[DATA BLOCK — start]

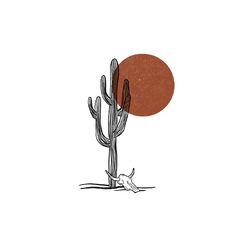 a drawing of a cactus in front of an orange sun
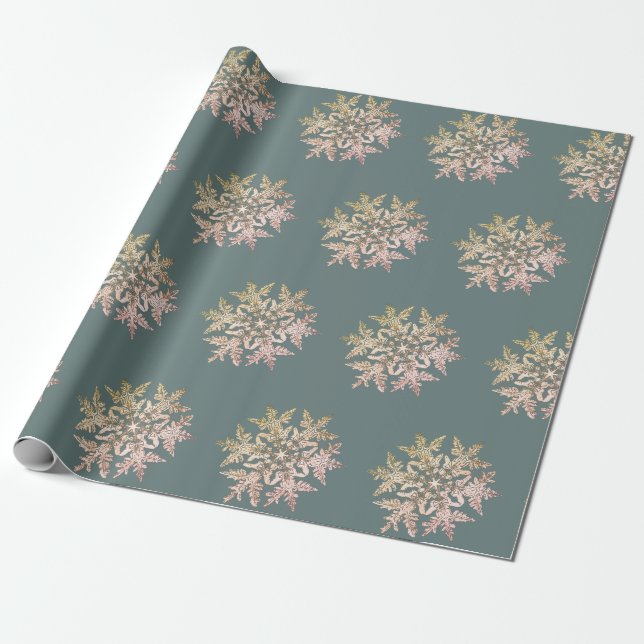 WILSON BENTLEY SNOWFLAKE ON BLUE GRAU GESCHENKPAPIER (Ungerollt)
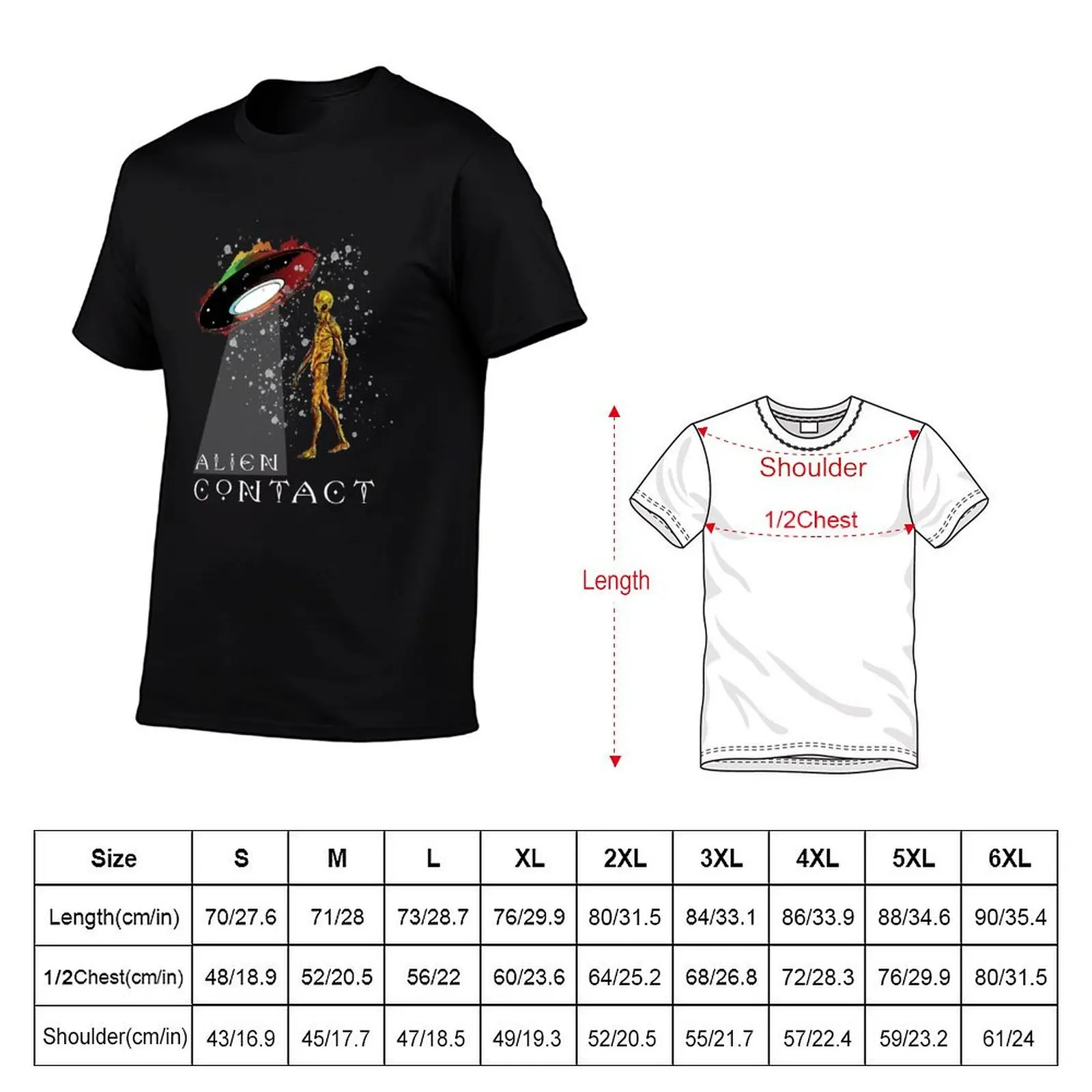 Alien Contact - Alien and Spaceship T-Shirt Plus Size Loose Fit T-Shirt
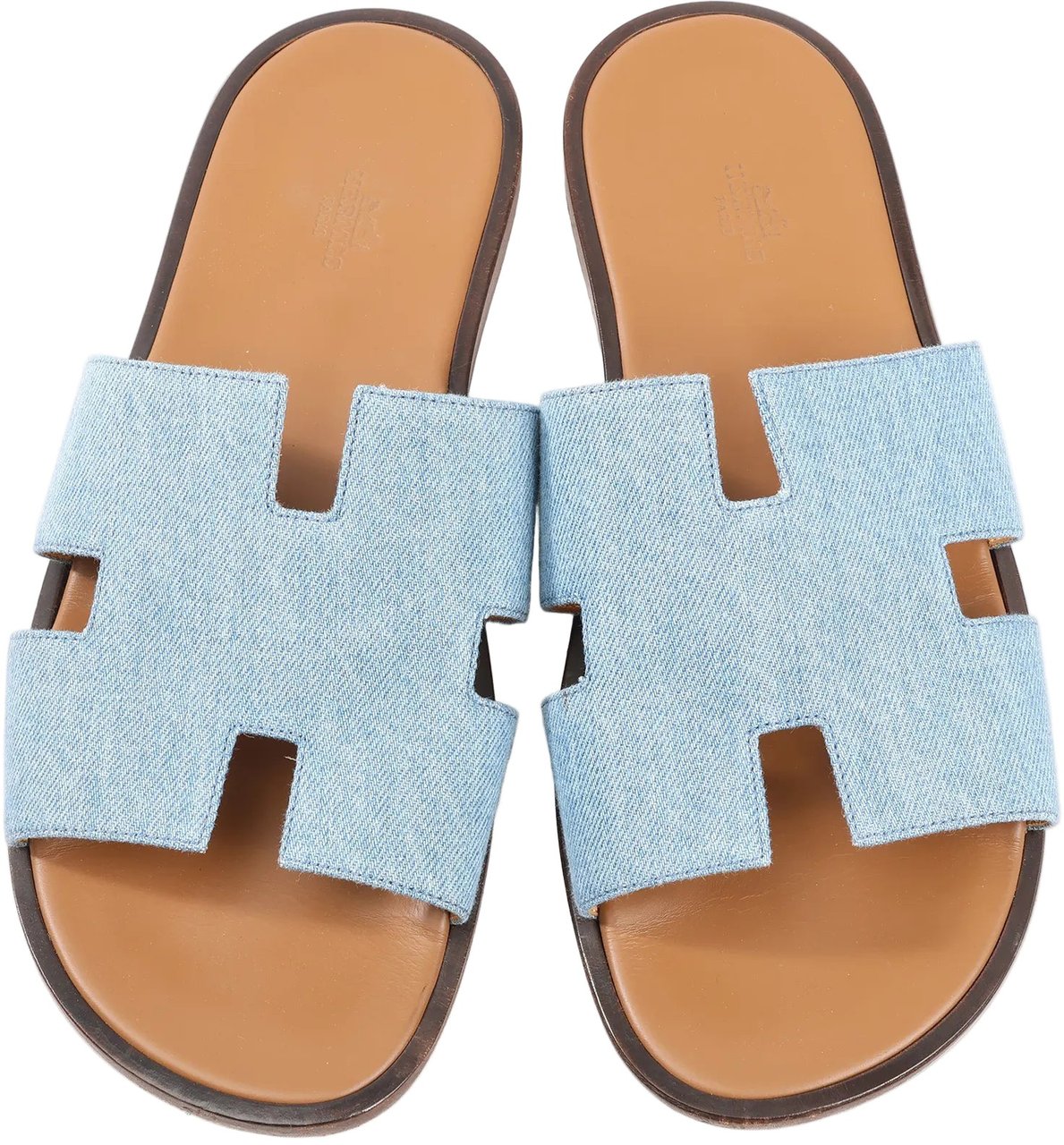 Hermès HERMES Izmir Denim Sandals in Light Blue, Size 43 EU Divers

[DATA BLOCK — finish]

* [EXERCISE DETAILS]: Images in the data above are to be skipped. Retype all other material exactly.

* [TASK ANSWER]:
 a drawing of a cactus in front of an orange sun
 WILSON BENTLEY SNOWFLAKE ON BLUE GRAU GESCHENKPAPIER (Ungerollt)
 Alien Contact - Alien and Spaceship T-Shirt Plus Size Loose Fit T-Shirt
 Hermès HERMES Izmir Denim Sandals in Light Blue, Size 43 EU Divers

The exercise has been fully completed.